### Data shown
◆ ◆ ◆ ◆ ◆ ◆ ◆
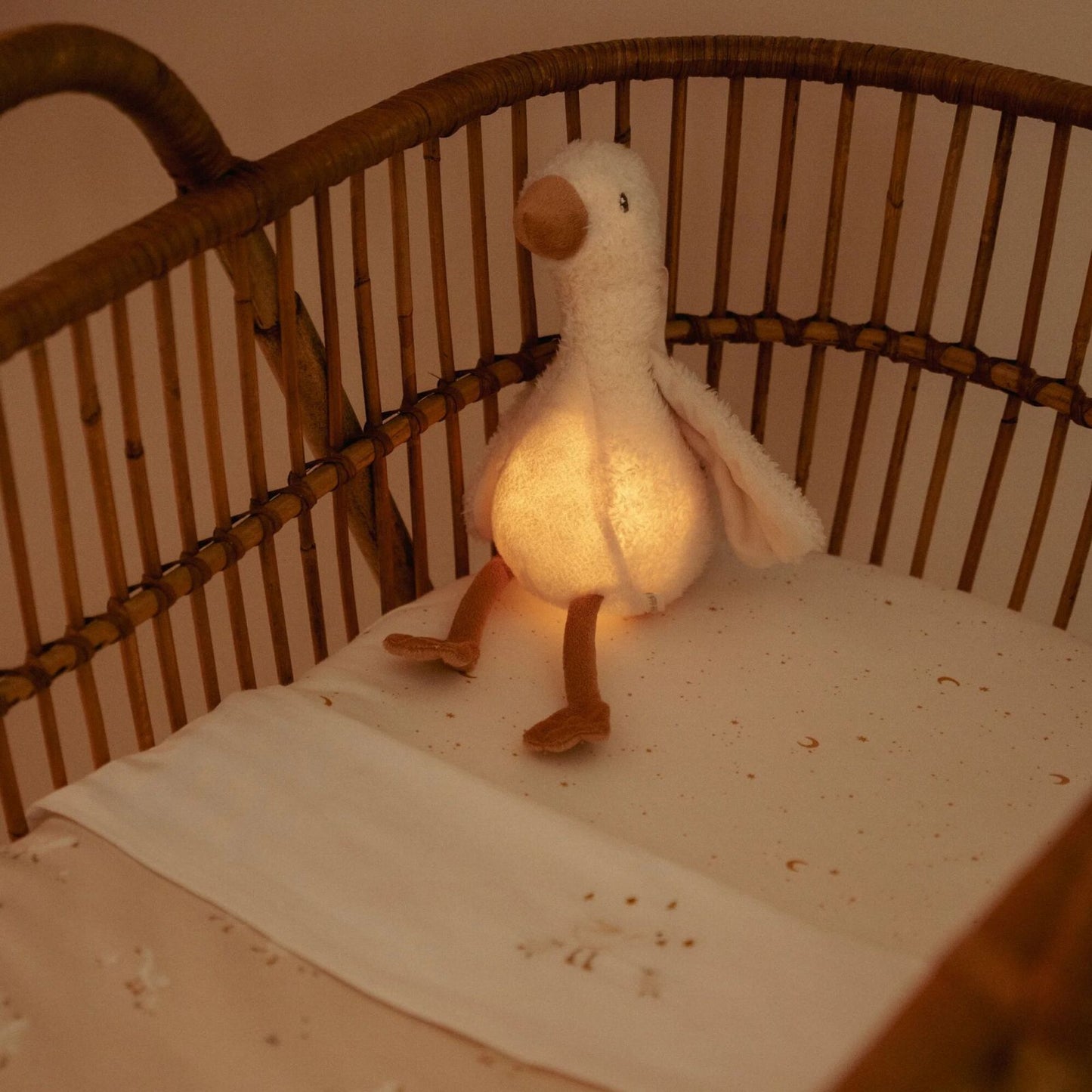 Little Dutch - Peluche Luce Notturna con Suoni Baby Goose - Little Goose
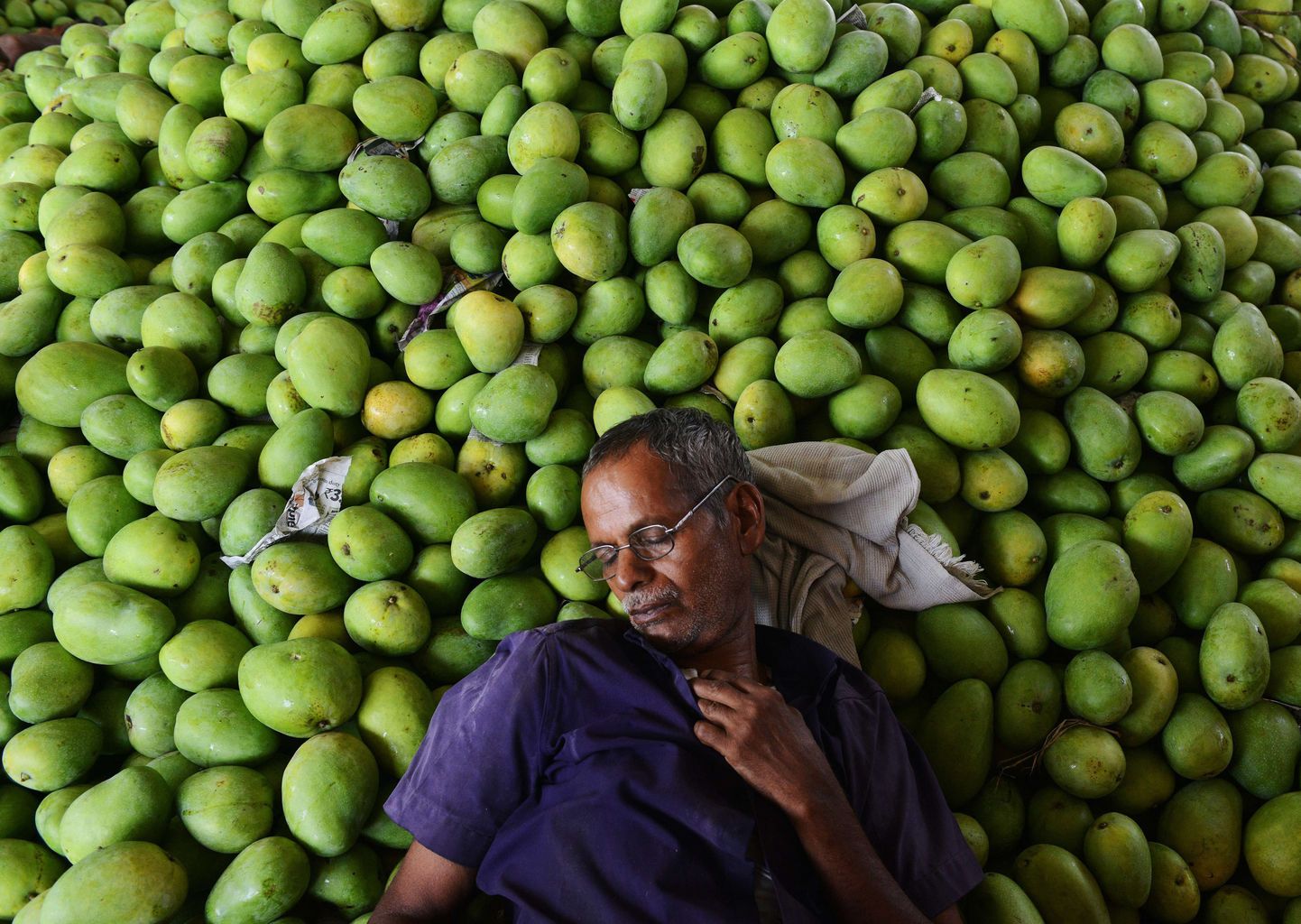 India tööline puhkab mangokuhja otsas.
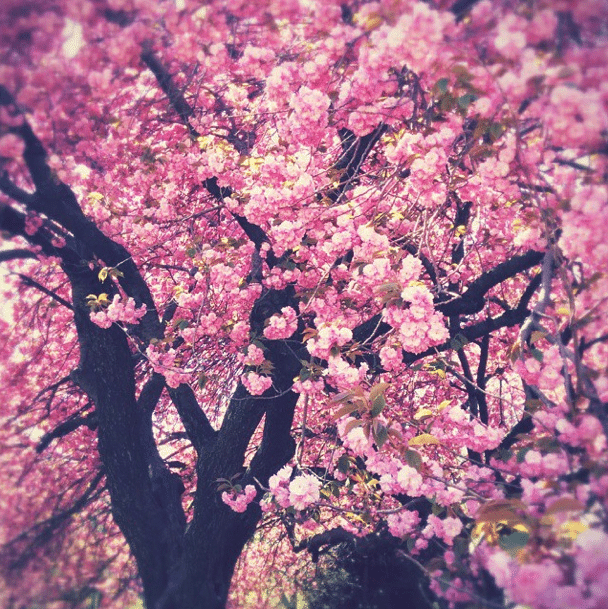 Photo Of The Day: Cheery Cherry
◆ ◆ ◆ ◆ ◆ ◆ ◆
### Task directions
The lines to repeat run from the line containing "India tööline puhkab mangokuhja otsas." through the end of the listing above, both included; give them exactly and without pictures.

### The answer
 India tööline puhkab mangokuhja otsas.
 Photo Of The Day: Cheery Cherry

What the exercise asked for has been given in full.